● Instructions to follow:
Produce an exact copy of all the data below, dropping every image.

● Data excerpt:
###

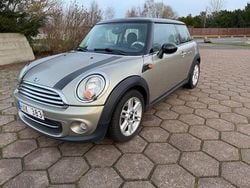 Ljusbrun Begagnad 2010 Mini Cooper Halvkombi | 67 900 kr (Marknadspris)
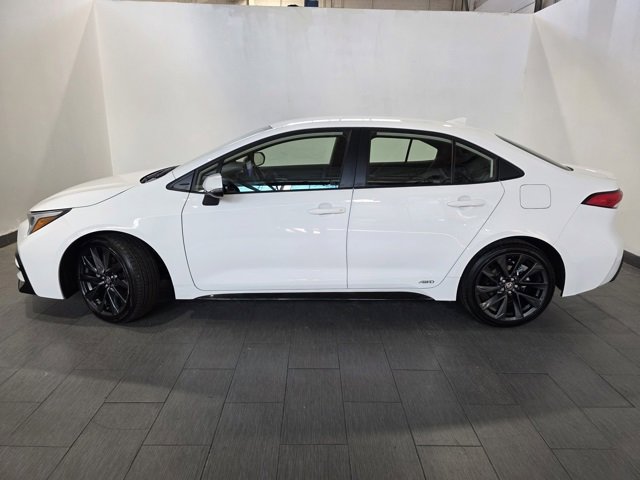 Used 2025 Toyota Corolla SE w/ Convenience Package image 2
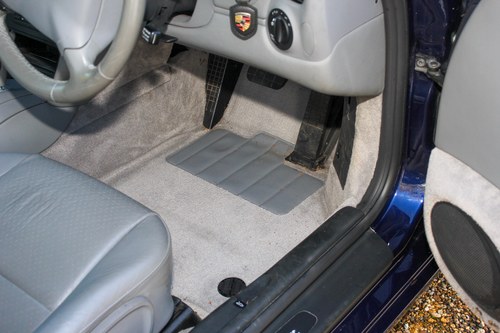 2003 Porsche 911 Carrera 2 Tiptronic 996 For Sale (picture 76 of 122)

###

● Written answer:
 Ljusbrun Begagnad 2010 Mini Cooper Halvkombi | 67 900 kr (Marknadspris)
 Used 2025 Toyota Corolla SE w/ Convenience Package image 2
 2003 Porsche 911 Carrera 2 Tiptronic 996 For Sale (picture 76 of 122)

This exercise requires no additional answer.